Programming the WEKA Datamining Toolkit With Jython

Tuesday, 29 November 2005

WEKA is a data mining library written in Java. WEKA implements many Machine Learning Algorithms for Classification and some Clustering algorithms. These algorithms are well supported by a nice set of data pre-processing utilities. WEKA also has GUI interface called the explorer and a Drag-and-Drop build tool to create custom applications.

However, WEKA does not lend it self for fast prototyping. That is, If I have a dataset, and want to see the result of using various algorithms interactively, or change parameters on-the-fly, it is not very convinient in Java.

It would be a good to have an interpreter where I can play around with data and algorithms.

Jython comes to the rescue. Jython is an implementation of the high-level, dynamic, object-oriented language Python written in 100% Pure Java, and seamlessly integrated with the Java platform. It thus allows you to run Python on any Java platform.

This means, we should be able access all the WEKA methods and classes from Jython because WEKA uses only Sun's Java libraries (including SWING).

Lets see how to do that:

Step 1 : Download Jython 2.1 from www.jython.org

Step 2 : Run the downloaded jython21.class file with java.

java jython21

The Graphical installer will ask you for the installation location. Choose any suitable location. My installation location is /home/pradeep/jython-2.1.

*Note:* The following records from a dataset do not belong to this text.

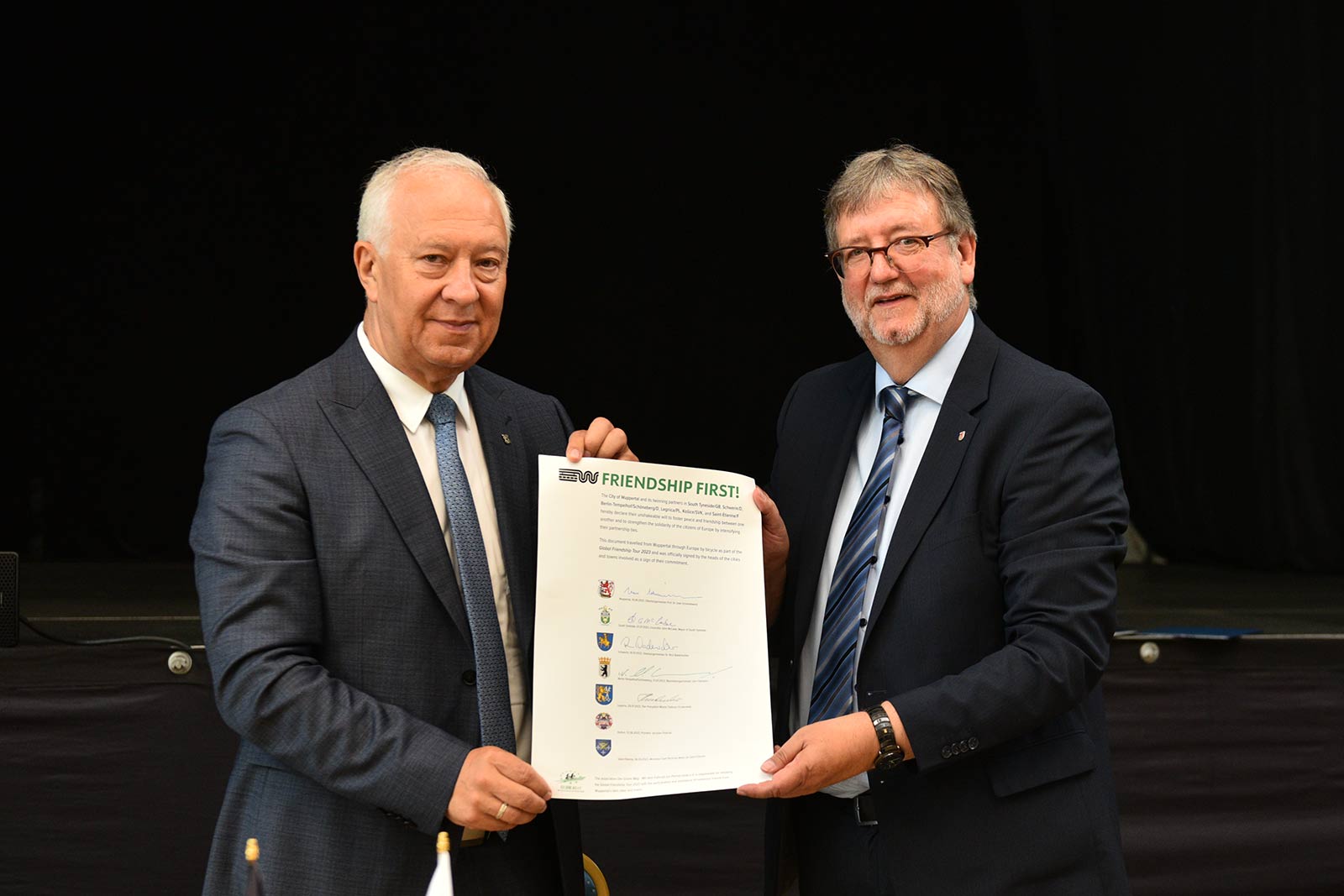 Tadeusz Krzakowski podpisał Deklarację Pokoju i Przyjaźni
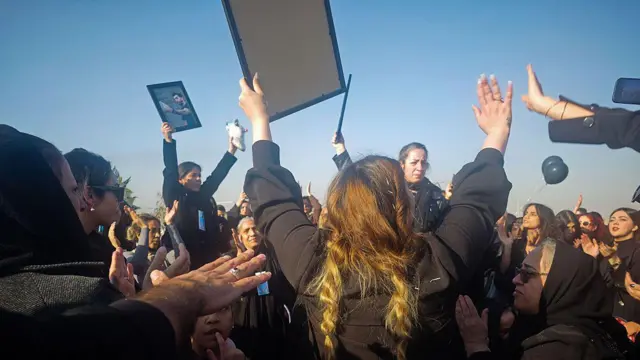 سوگواران در تجمعی در اواخر بهمن در بهشت زهرای تهران یاد معترضان کشته شده را گرامی داشتتد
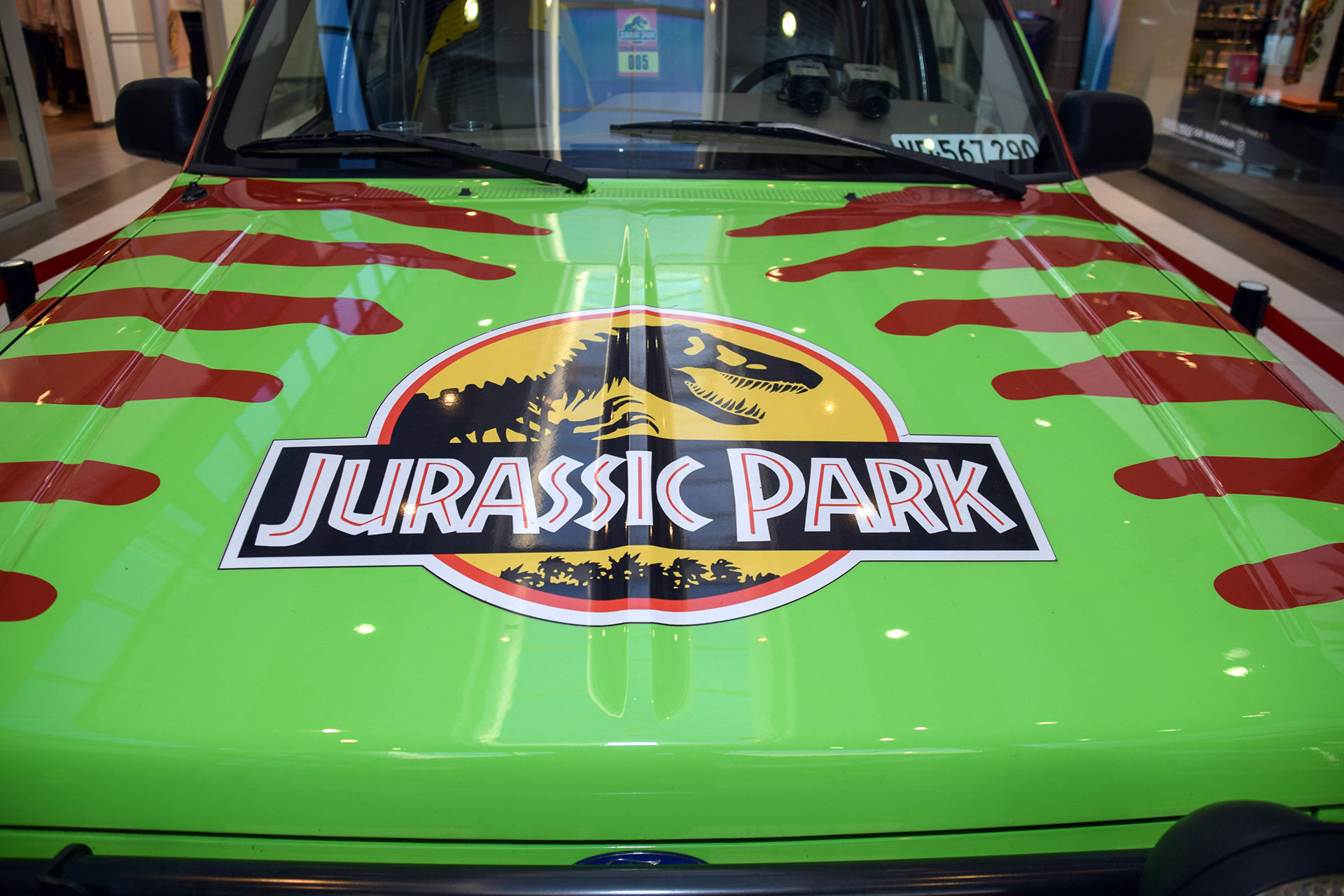 Ford Explorer I UN46 Jurassik Park capot - Exposition ,voitures de films,Leclerc, Thionville, 2018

Step 2 : Download WEKA and unzip the zip file into a suitable location - /home/pradeep/weka-3-4-6

Step 3: Configure Jython

Open /home/pradeep/jython-2.1/jython and change the paths accordingly


#!/bin/sh
###############################################################################
#
# This file generated by Jython installer
# Created on XXX by pradeep

"/usr/bin/java" -Dpython.home="/home/pradeep/jython-2.1"  
-classpath "/home/pradeep/jython-2.1/jython.jar:/home/pradeep/weka-3-4-6/weka.jar:$CLASSPATH" 
"org.python.util.jython" "$@"

Above,

  1. /usr/bin/java is the java runtime executable
  2. /home/pradeep/jython-2.1 is the home of jython installation
  3. the string following -classpath is the list of all the libraries that you want available inside Jython environment.

Step 4 : Testing the setup.

$/home/pradeep/jython-2.1/jython
Jython 2.1 on java1.4.2-02 (JIT: null)

>>> import weka
>>> dir(weka)
['name', 'associations', 'attributeSelection', 'classifiers', 
'clusterers', 'core', 'datagenerators', 'estimators', 'experiment', 'filters', 'gui']
>>>

Now you have access to all the WEKA methods and libraries.